The President-Elect And His Tweets

Over the past few weeks, as the Donald Trump transition team has vetted candidates for Cabinet-level positions and geared up for the new administration that will take office next year, we’ve started to get a sense of what the next four years will be like.  With important decisions being made and critical planning underway, the post-election process is slowly revealing what kind of President Donald Trump might be.

If I could get one wish, it would be that Mr. Trump decide to stop using Twitter.

trump-the-hashI recognize this probably is a forlorn hope.  In many ways, Trump’s candidacy was driven by social media, and his tweets were a big part of the strategy.  Through his Twitter account, Trump had a forum for outlandish comments and was able to keep his name in the news.  His tweets provided him with lots of free air time, and his inclination, as President, likely will be to keep doing what worked well during the campaign.

And yet, the qualities we are looking for in a President are different from those that can drive a presidential campaign.  Dashing off a tweet seems fundamentally inconsistent with the considered judgment that we hope the occupants of the Oval Office will bring to the position.  (I recognize that President Obama has and uses a Twitter account, which I think is unfortunate, too, but without doing an exhaustive analysis I’m going to go out on a limb and guess that his tweets haven’t been quite as controversial as Trump’s.)

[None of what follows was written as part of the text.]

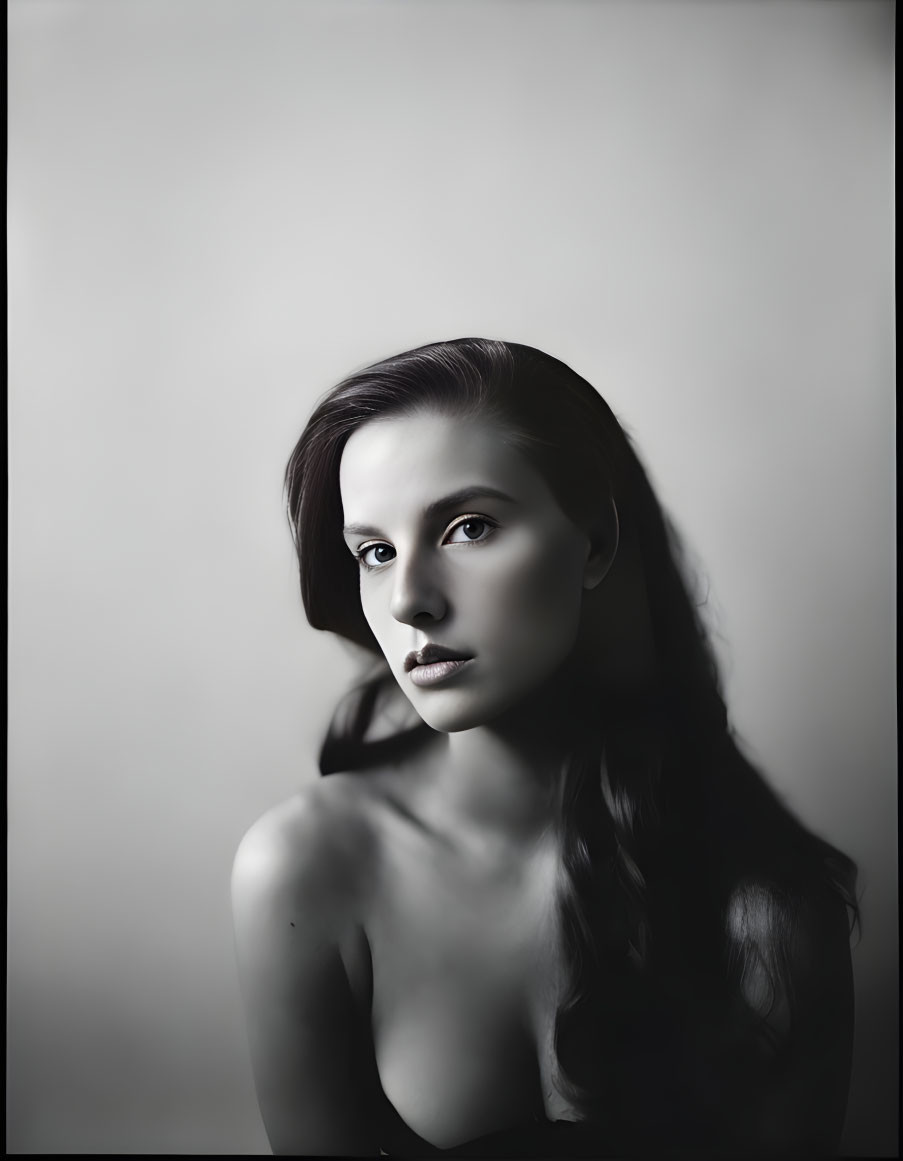 Monochrome portrait of a woman with long hair gazing thoughtfully.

Consider one of the President-elects most recent tweets, which asserts that he won the popular vote “if you deduct the millions of people who voted illegally.”   Of course, no evidence is cited (Twitter isn’t exactly known for that) but the claim that there were millions of illegal votes seems incredibly reckless — as well as bizarre, since Trump won the election and you would think the prevailing candidate wouldn’t want to cast any doubt on the results in any event.  It’s the kind of charge that might work for a candidate looking for some free media coverage, but it just isn’t suited to the President-elect.  Presidents don’t need to gin up controversy to get their names in the news.

Many Americans are fair and open-minded people; even if they didn’t vote for Trump, they will be willing to give him a chance to show how he will perform as President.  I think they are looking to see whether Mr. Trump shows the reflection and thoughtfulness that are a key part of what we think of as “acting presidential.”  Tweets just don’t fit into the presidential job description.